Este es un factor que raramente es considerado en los manuales para el cálculo de un precio de venta. No obstante, en la práctica es uno de los elementos más importantes para definir el importe que debe cobrarse a un comprador.

Si bien los impuestos se basan en tasas que serán aplicadas durante mucho tiempo, el cálculo de los porcentajes está sujeto a las necesidades políticas y económicas de una jurisdicción. Por ello, las empresas siempre deben monitorear el comportamiento de las leyes y el cumplimiento de sus obligaciones fiscales y tributarias.

Cuando se crea un nuevo impuesto o aumenta una tasa de cálculo, las compañías se ven forzadas a aumentar los precios de venta para poder cubrir sus gastos operativos, de venta y de producción. En caso contrario, deben tener presente que sus ganancias pueden verse afectadas.

¿Cómo definir un precio de venta?

1. Calcula el costo de producción

Como hemos revisado, lo más importante a la hora de establecer un precio de venta es que sirva para recuperar el dinero invertido en una operación comercial. Por ello, el precio del producto o servicio deberá definirse con el fin de cubrir los gastos operativos, los costos de materias primas y el pago de trabajadores.

Para calcular este importe deberás sumar todos los gastos que has realizado para producir la mercancía que vendes, y dividir esta suma entre el número total de bienes que pondrás a la venta. Esto definirá el precio mínimo que deberá tener tu producto sin significar una pérdida para tu empresa.

Ejemplo:

Supongamos que una empresa imprime libros infantiles y ha sido encomendada para poner a la venta un tiraje de 10.000 ejemplares de un libro de cuentos. La compañía sabe que su producción requiere una inversión inicial y algunos gastos fijos de producción; entre ellos:

  • Materia prima (papel, tintas, pegamentos, etcétera): $10.000
  • Pago de sueldos: $20.000
  • Mantenimiento de maquinaria: $2000
  • Renta de instalaciones: $3000
  • Gastos de distribución y publicidad: $5000

De acuerdo con estos datos, la compañía estima que ha invertido $40.000 en la producción de un tiraje del libro. Para calcular el precio de cada ejemplar deberá dividir el costo total de producción entre el número de unidades a producir:

$40.000 / 10.000 unidades = $4 por unidad

2. Estima las ganancias

El segundo paso para definir el precio de venta de un producto o mercancía es proyectar una ganancia esperada. Ya sea porque las empresas desean tener un fuerte ingreso o porque reconocen el valor de su solución de mercado, la estimación de utilidades es un factor determinante del precio al que se venderá la mercancía.

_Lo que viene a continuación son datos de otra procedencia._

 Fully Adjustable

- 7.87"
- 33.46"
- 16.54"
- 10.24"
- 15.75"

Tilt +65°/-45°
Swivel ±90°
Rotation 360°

En este paso es esencial que pienses en tus finanzas como persona empresaria y planifiques el futuro de tu compañía. Habrá ocasiones en las que una empresa deba ser más conservadora con su margen esperado de ganancia.

Ejemplo:

Una vez que la compañía editorial ha logrado definir los costos de producción de cada ejemplar, es necesario que analice cuáles son las ganancias que desea obtener. Supongamos que las dueñas de la compañía quieran generar una revista secundaria. Para llevar a cabo este proyecto saben que deberán invertir íntegramente el dinero de las ganancias obtenidas por la venta del libro infantil de cuentos. Además, esperan obtener una ganancia del 50 % para sus finanzas personales.

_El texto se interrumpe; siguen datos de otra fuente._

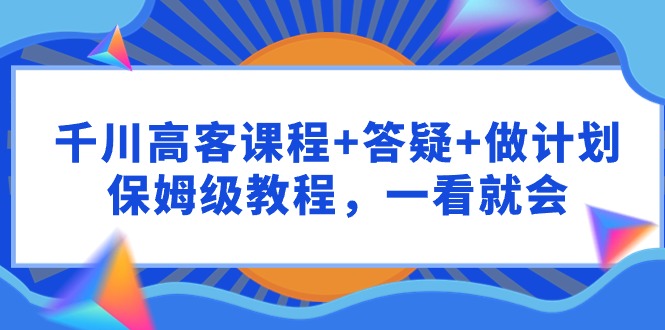 千川 高客课程+答疑+做计划，保姆级教程，一看就会-逍遥资源网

Si la puesta en marcha de la nueva revista tendrá un costo de $20.000, deberán repartir este margen esperado entre todos los artículos que vendan. De esto podemos deducir el siguiente cálculo:

$20.000 / 10.000 unidades = $2 por unidad

Adicionalmente deberemos considerar el 50 % de ganancias esperadas por la empresa:

$4 por unidad x .5 = $2 por unidad

Estos valores deberá ser sumados para establecer un precio preliminar de venta:

$4 + $2 + $2 = $8 por unidad

3. Estudia tu audiencia

Como hemos afirmado, la demanda del mercado y el perfil de los públicos a los que nos dirigimos puede afectar el precio al que venderás un producto o servicio. Por ello es fundamental prestar atención a las necesidades y características económicas de la audiencia de consumidores a la que te diriges. 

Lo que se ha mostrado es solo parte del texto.